The Lion Dance, a spectacle of color and strength, was the main event at the UAF Chinese New Year.

“The Lion Dance represents New Beginnings,” Rosalind Kan, Chinese teacher and adviser of the school’s Chinese association for over 20-years, said.

New beginnings, good fortune and family are all part of the premise of the Chinese New Year festival. Known also as the Lunar Festival or Spring Festival, the falls on the new moon of the new year, from Jan. 21-Feb. 20.

A celebration centuries old, the Chinese used the Lunar Festival to honor deities and ancestors. Traditionally, people would clean their homes the space to invite good fortune. Families gather the night before to help celebrate this occasion. Red couplets, which are decorative pieces of poetry, and red paper-cuts are used to decorate for good fortune, happiness, wealth and longevity.
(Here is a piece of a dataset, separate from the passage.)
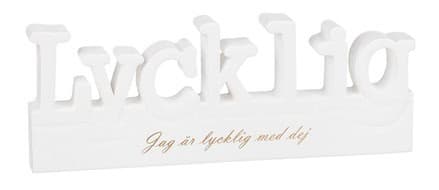 Skylt Lycklig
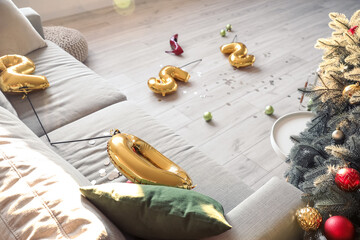 Interior of messy room after Christmas party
The Chinese Association brought many traditions to this year’s event. Just 30 minutes into the evening, the Ballroom, covered in red, was crowded with close to 300 adults and children.
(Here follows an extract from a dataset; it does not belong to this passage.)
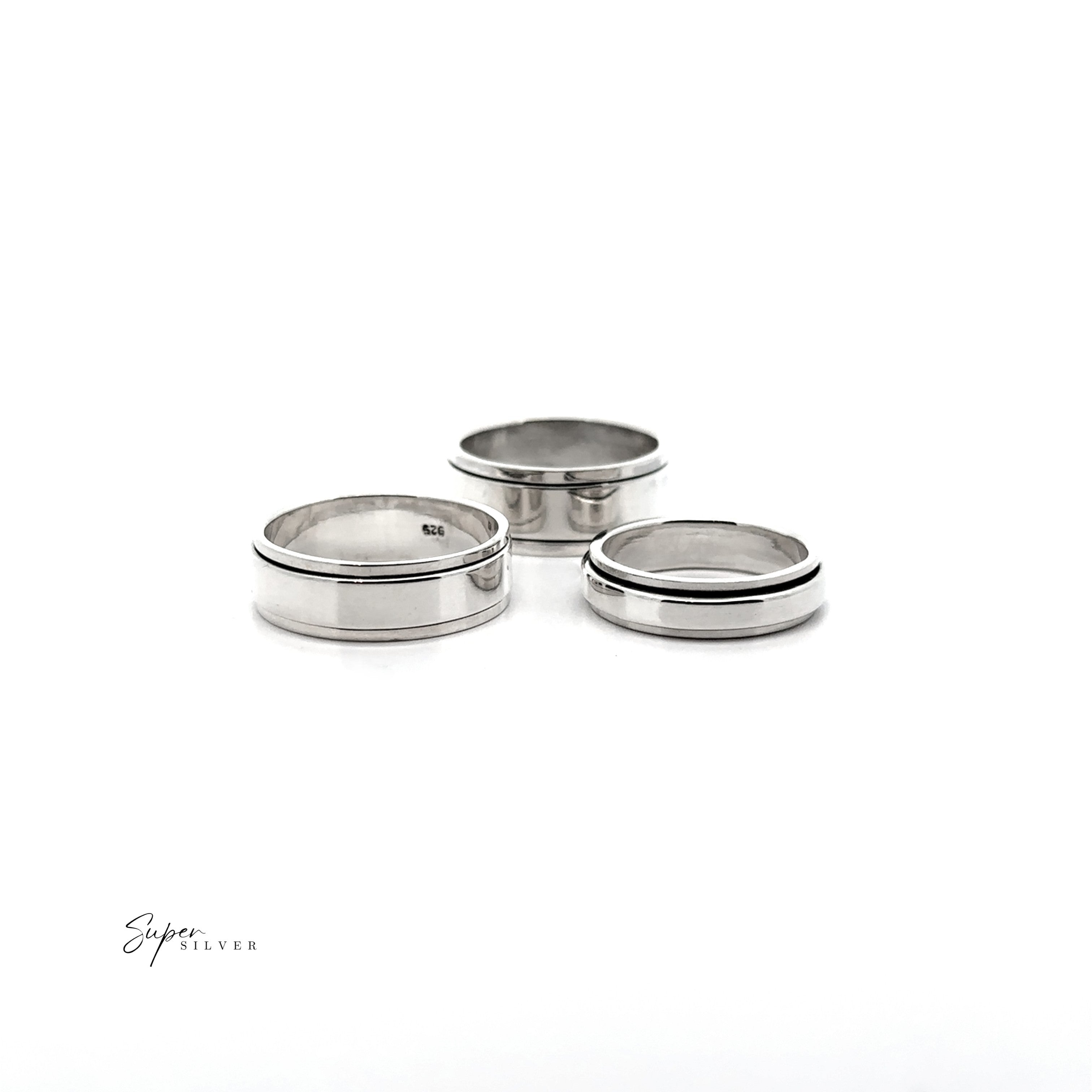 The Simple Silver Spinner Rings, three polished silver bands including a sleek spinner design, are displayed on a white background with "Slyer Silver" text in the lower left corner.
The aroma of over 30 different Chinese dishes set for dinner filled the room as people began lining up to feast. The moment people start to move, you should move too because the food always sells out, said Don Gray, a guest at the event.

This combination of food, friends and family is exactly what the association and their volunteers look forward too.

“I like to introduce this very special festival to our international friends” Heming Liao, president of the Chinese Association,  said, as he welcomed people.

Wu Zhao, who has attended this event for the past 3 years, said this evening was special as it reminded him of home and their families in China. To Zhao it’s as if they are all one big family.

“It’s kind of like Christmas for Americans,” Kan Rosalind said. The celebration is a time for people to come together before the new year. She wants all the attendees to enjoy themselves and the contact with the Chinese culture.

Rosalind started the program by thanking the sponsors and welcoming many of the officials including the Fairbanks major.

The children opened the show. With a display of Chinese aerobics, silly dances and Chinese New Year greeting they captured the hearts of the crowed.

Drums sounded and a new event began. A giant head of different colors, chimes, and tassels started from the entrance. Two men danced the beast around the room, showing both elegance and strength as they maneuvered the Lion’s head and body in a way that brought the creature to life.

Shanshan Li, vice president of the Chinese Association, concluded the night with thanks and wished everyone a happy new year.